Partagez sur "Attentats de Paris: la Libye, cette autre grande menace"
Alors que tous les regards se tournent vers la Syrie depuis les attentats perpétrés à Paris le 13 novembre dernier, lesquels ont entraîné une intensification des bombardements, un autre pays actuellement plongé dans le chaos le plus total mériterait bien davantage d’attention : la Libye. Focus sur une autre poudrière.
Parallèlement aux efforts entrepris en Syrie, « il sera fondamental pour tous de donner priorité absolue à la Libye, qui risque d’être la prochaine urgence », a estimé le président du Conseil italien Matteo Renzi lors d’une déclaration aux côtés de François Hollande à l’Elysée ce jeudi. Difficile de lui donner tort tant ce pays par ailleurs situé beaucoup plus près de nos frontières est désormais largement noyauté par les islamistes. Ces derniers ont prospéré sur un même terreau d’ingérence occidentale et de querelles intestines qu’en Syrie et les voilà qui « tiennent » aujourd’hui la Libye, d’une main de fer, presque aussi sûrement que Mouammar Kadhafi la tenait autrefois.

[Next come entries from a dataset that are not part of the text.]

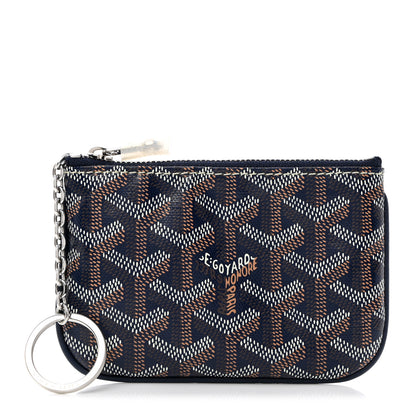 Goyard Goyardine Nano Senat Key Pouch Navy 1 of 8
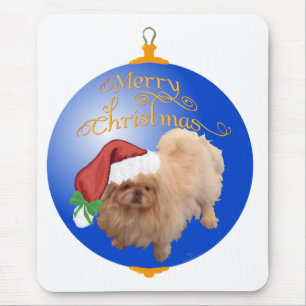 Pekingese Weihnachtsdekoration Mousepad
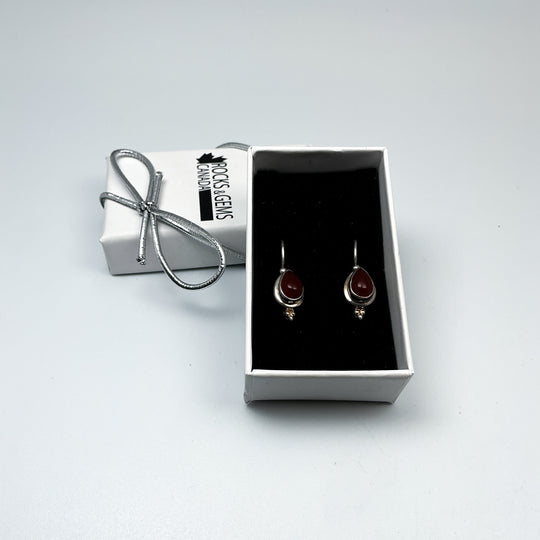 Carnelian Agate Dangle Earrings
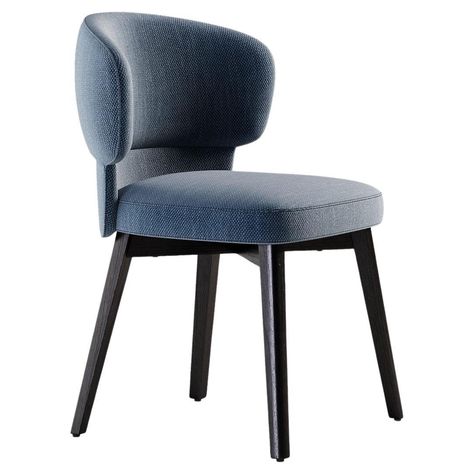 Available with metal or wood base. Also a swivel version is available. 25 MORTON is a statement – a deft blend of elegant upholstered chair and armchair that holds its own both at a dining table or in a boardroom. One striking feature of this lightweight item of furniture is the precisely executed two-part upholstery of the backrest, which quietly envelops the body. The subtle suspension mechanism in the backrest pleasantly accentuates the movements of the person sitting in the piece. Typically Sebastian Herkner, Boardroom Table, Upholstered Chair, Person Sitting, Fitted Furniture, Art Furniture, Upholstered Dining Chairs, Accent Furniture, Upholstered Chairs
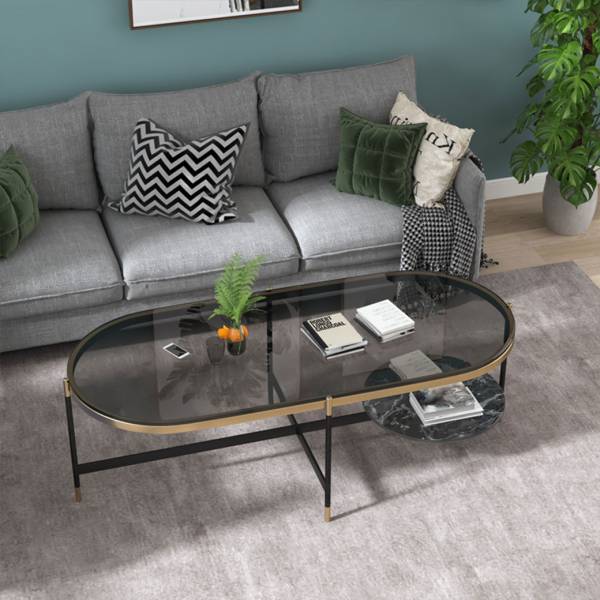 ขาย โต๊ะกลางห้องรับแขกท็อปหินอ่อน Nordic Designed Coffee Table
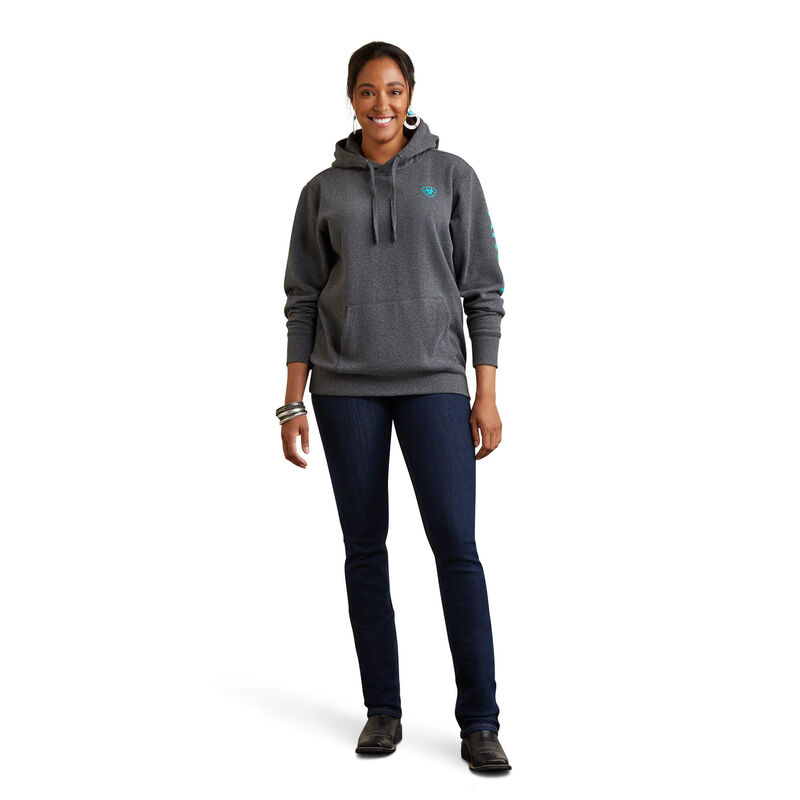 Ariat Hoodie Damen - Logo DunkelGrau ( XWRVH-5320 )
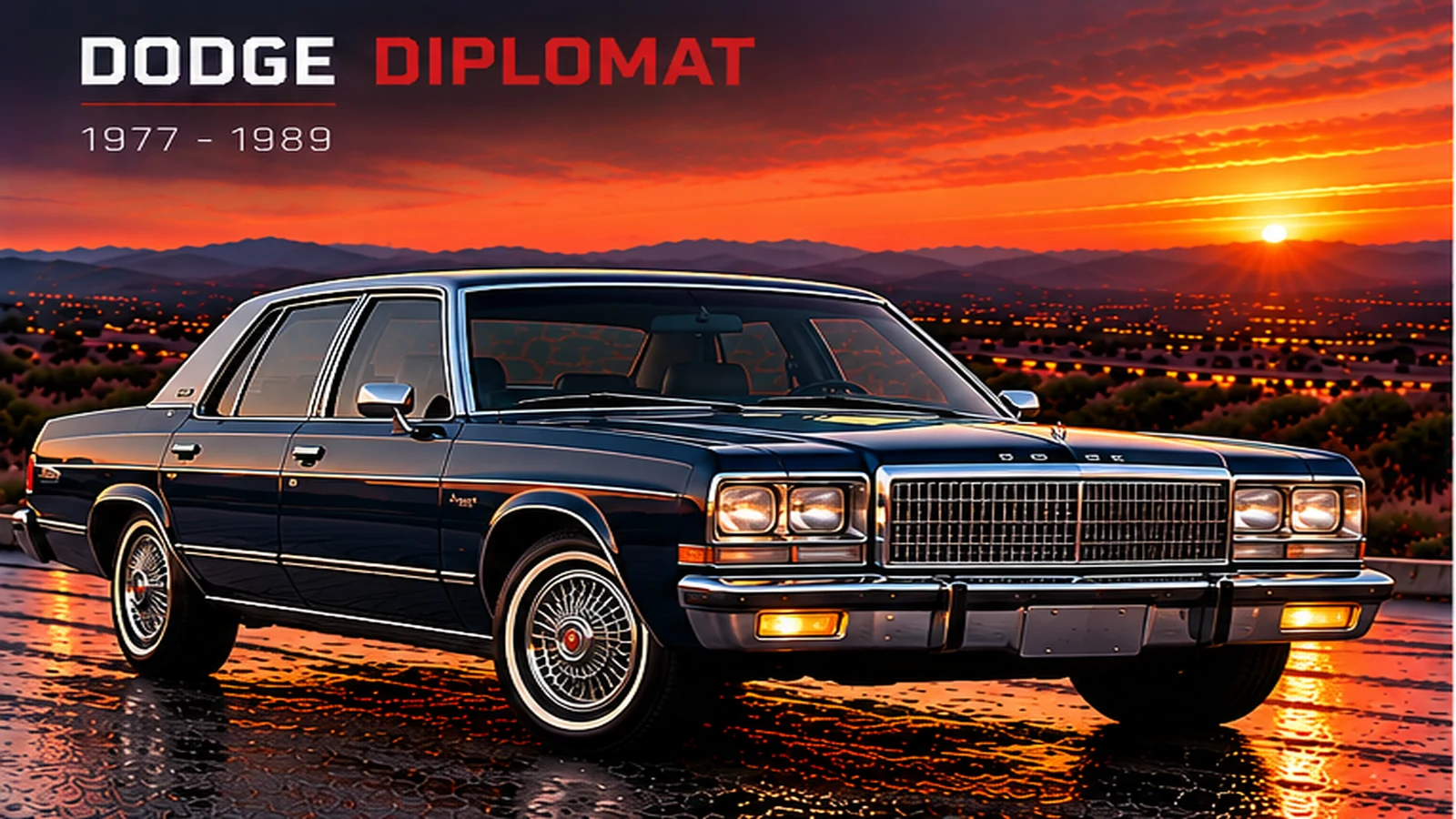 AI-generated editorial illustration: 1977–1989 (Diplomat)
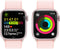 Apple Watch Series 9 - Smartwatch - GPS - Aluminium - Geweven sportbandje - Roze (Roze)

« Certains en rêvaient, bien avant l’attentat de Lockerbie (…) Nicolas Sarkozy l’a fait ».
Mouammar Kadhafi… Battu par François Mitterrand en 1981, Valéry Giscard d’Estaing n’a pas eu le temps de le renverser. Avec son assentiment total, ses services secrets ont pourtant échafaudé des plans à cette fin, comme l’a notamment écrit Vincent Nouzille dans son ouvrage Les tueurs de la République, palpitante fresque des opérations menées par les barbouzes français en marge des tractations diplomatiques officielles depuis 1958. Quelques années plus tard, Ronald Reagan a bombardé la Libye avec cette même finalité à l’esprit, sans plus de succès.
Certains en rêvaient, bien avant l’attentat de Lockerbie en 1988 – attribué au régime libyen peut-être un peu trop rapidement, sachant que l’Iran avait à l’époque un très lourd contentieux avec les Etats-Unis, qui n’ont jamais jugé bon de s’excuser après que l’USS Vincennes a détruit par erreur un Airbus A300 civil iranien – et celui du DC-10 d’UTA l’année suivante, pour lequel la responsabilité des sicaires de Kadhafi apparaît en revanche irréfutable. C’est finalement Nicolas Sarkozy qui l’a fait.
La grande erreur de Nicolas Sarkozy
« Contaminée » par le Printemps arabe, la Libye a basculé dans la révolte début 2011, alors même que le pays était revenu dans le concert des nations moyennant force négociations, ronds de jambe et concessions. Symbole de ce retour en grâce aussi spectaculaire que décrié : la visite en France du « Raïs », autorisé à planter sa célèbre tente dans les jardins de l’Elysée peu après l’élection de Nicolas Sarkozy, dont Mediapart soutient aujourd’hui encore, malgré des dénégations présidentielles systématiques, qu’il n’y a pas peu contribué financièrement. La justice statuera sur l’authenticité des preuves brandies par le célèbre site d’informations.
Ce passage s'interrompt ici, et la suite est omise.